- [Exercise]: No pictures belong in the copy. Restate the rest of the data exactly.

•••••

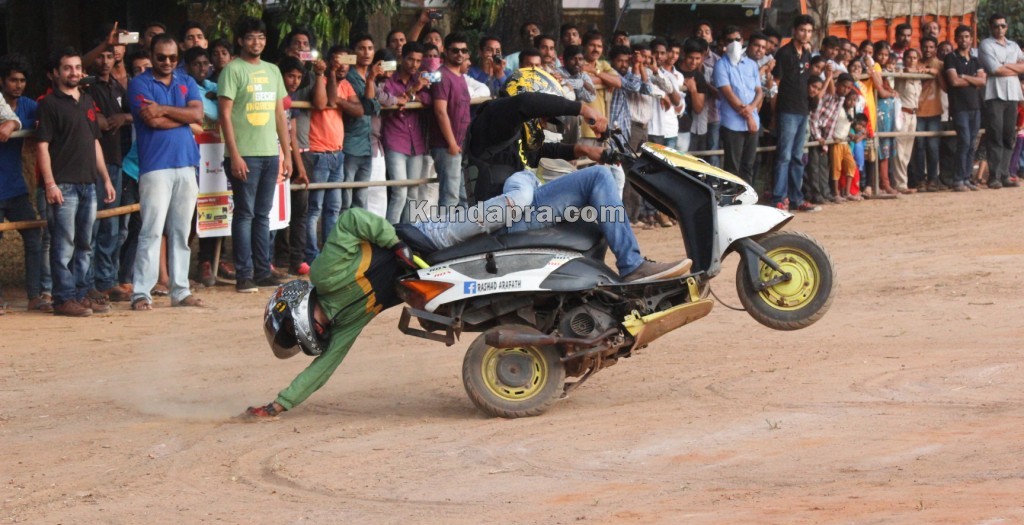 TAPMI Brandscan-2015 at Kundapur. Bike Stunt at Kundapur (22)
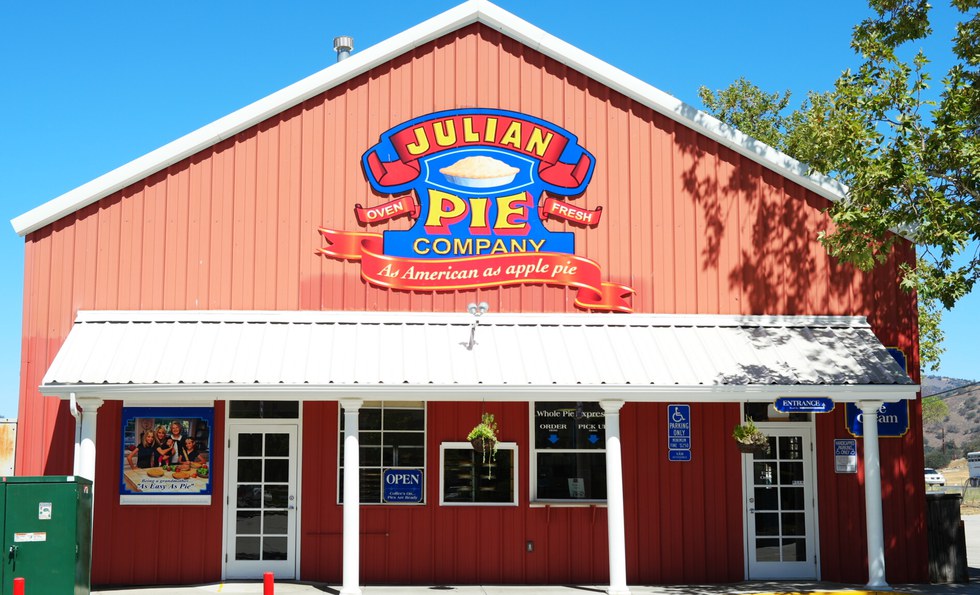 7 Reasons To Visit Julian, California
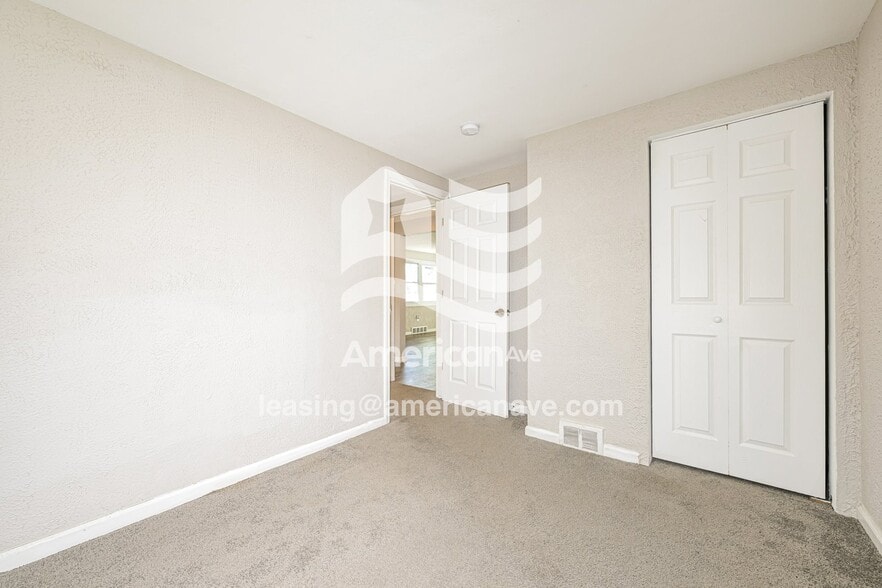 Building Photo - 401 Johnston Rd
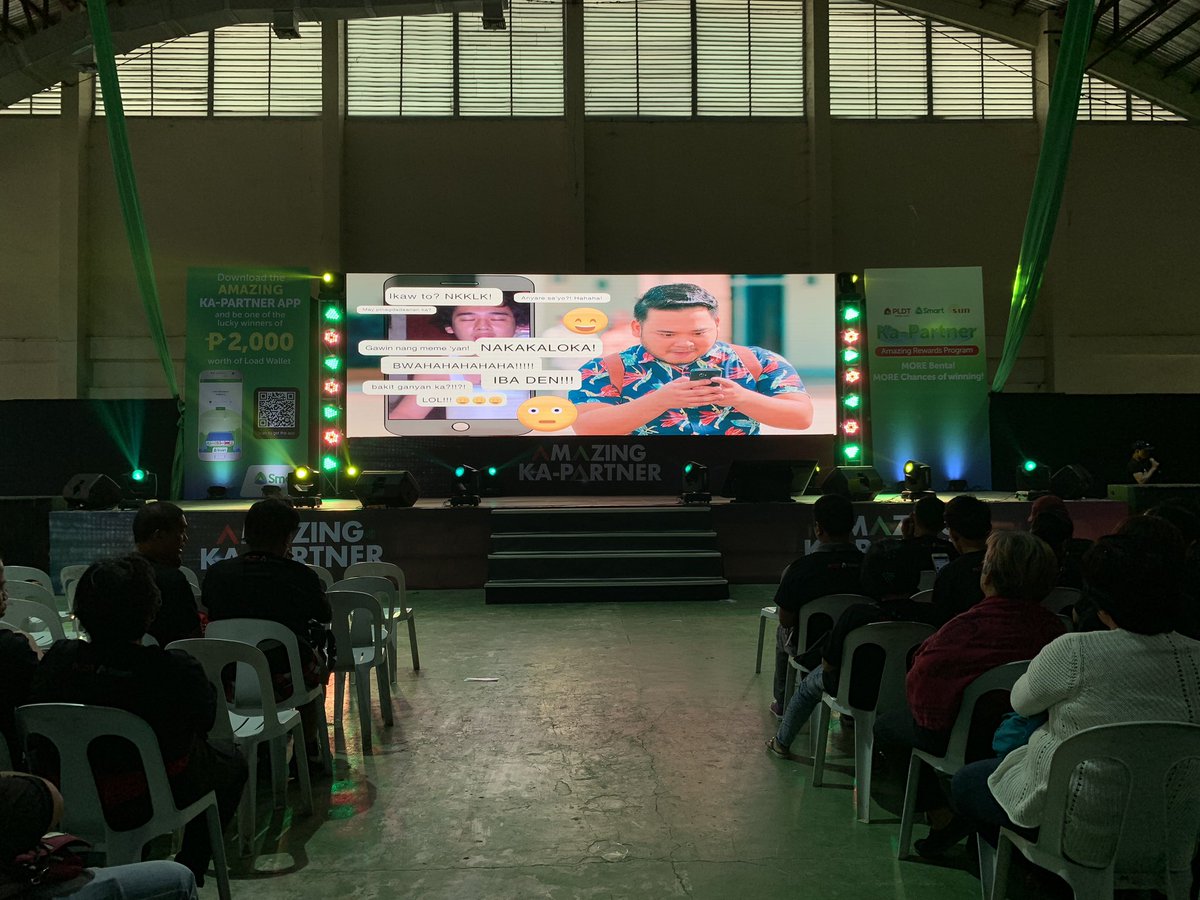 SmartNewsroom's tweet photo. Stay tuned for the PLDT-Smart Amazing Ka-Partner retailers convention! Load sellers have gathered here at Leyte Academic Center for a day of entertainment, games, and exciting prizes. #PLDTSmartAmazingSaBenta #SmartKaPartner https://t.co/fSovoxEJJS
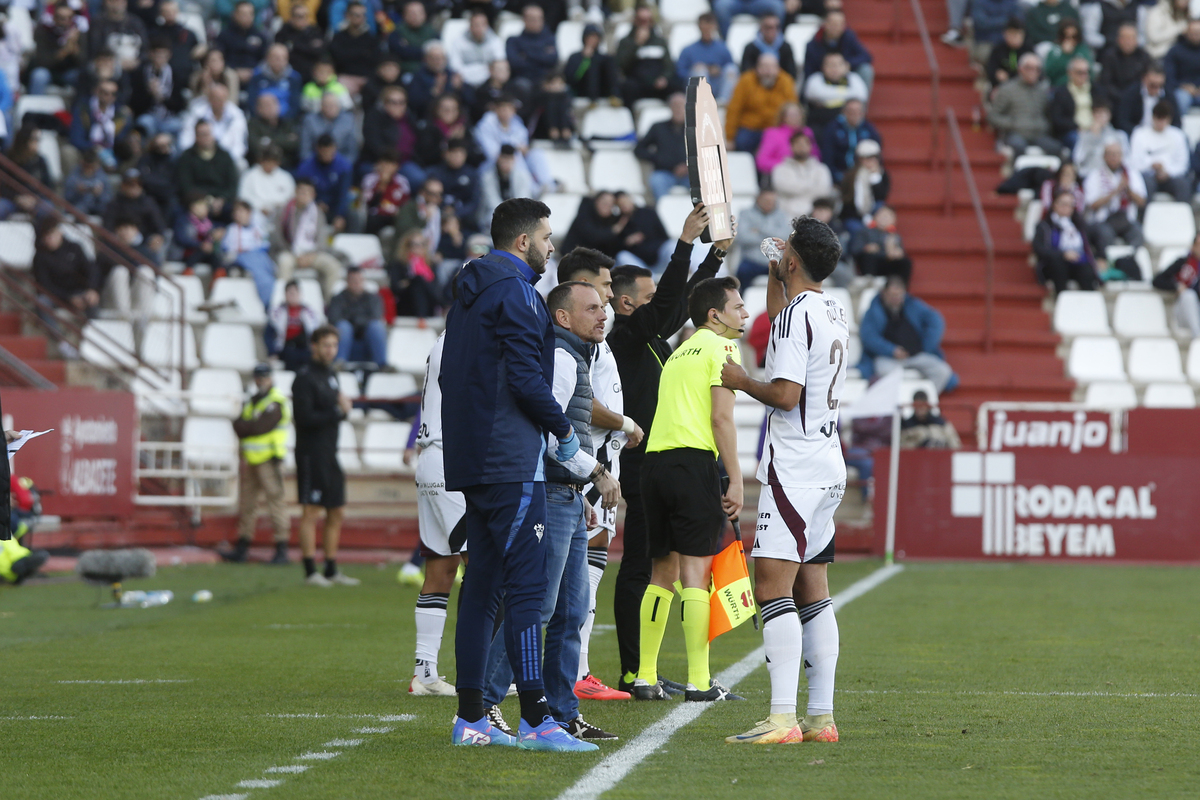 Un momento del partido disputado en el Carlos Belmonte  / JOSÉ MIGUEL ESPARCIA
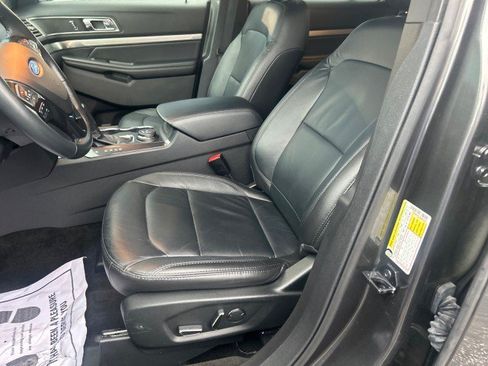 Used 2018 Ford Explorer XLT w/ Equipment Group 202A AWD/4WD image 12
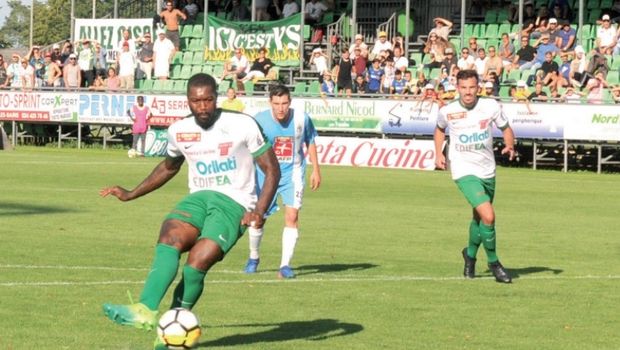 Χατ-τρικ ο Σισέ με την Ιβερντόν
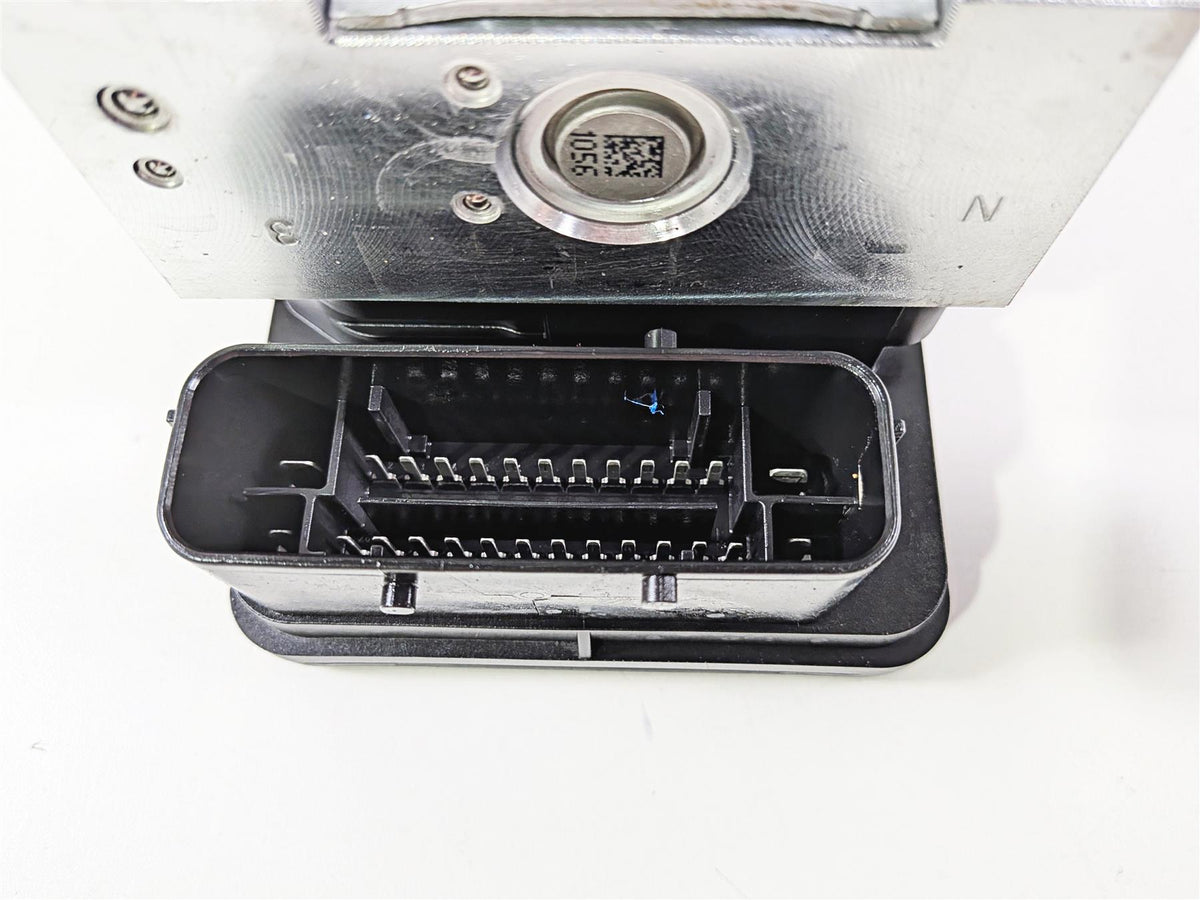 2019 BMW R1250GS K50 Abs Brake Pump Unit Module 34519898518 34519898517 {{ shop.shopifyCountryName }} - Mototech271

•••••

- [Expected answer]:
 TAPMI Brandscan-2015 at Kundapur. Bike Stunt at Kundapur (22)
 7 Reasons To Visit Julian, California
 Building Photo - 401 Johnston Rd
 SmartNewsroom's tweet photo. Stay tuned for the PLDT-Smart Amazing Ka-Partner retailers convention! Load sellers have gathered here at Leyte Academic Center for a day of entertainment, games, and exciting prizes. #PLDTSmartAmazingSaBenta #SmartKaPartner https://t.co/fSovoxEJJS
 Un momento del partido disputado en el Carlos Belmonte  / JOSÉ MIGUEL ESPARCIA
 Used 2018 Ford Explorer XLT w/ Equipment Group 202A AWD/4WD image 12
 Χατ-τρικ ο Σισέ με την Ιβερντόν
 2019 BMW R1250GS K50 Abs Brake Pump Unit Module 34519898518 34519898517 {{ shop.shopifyCountryName }} - Mototech271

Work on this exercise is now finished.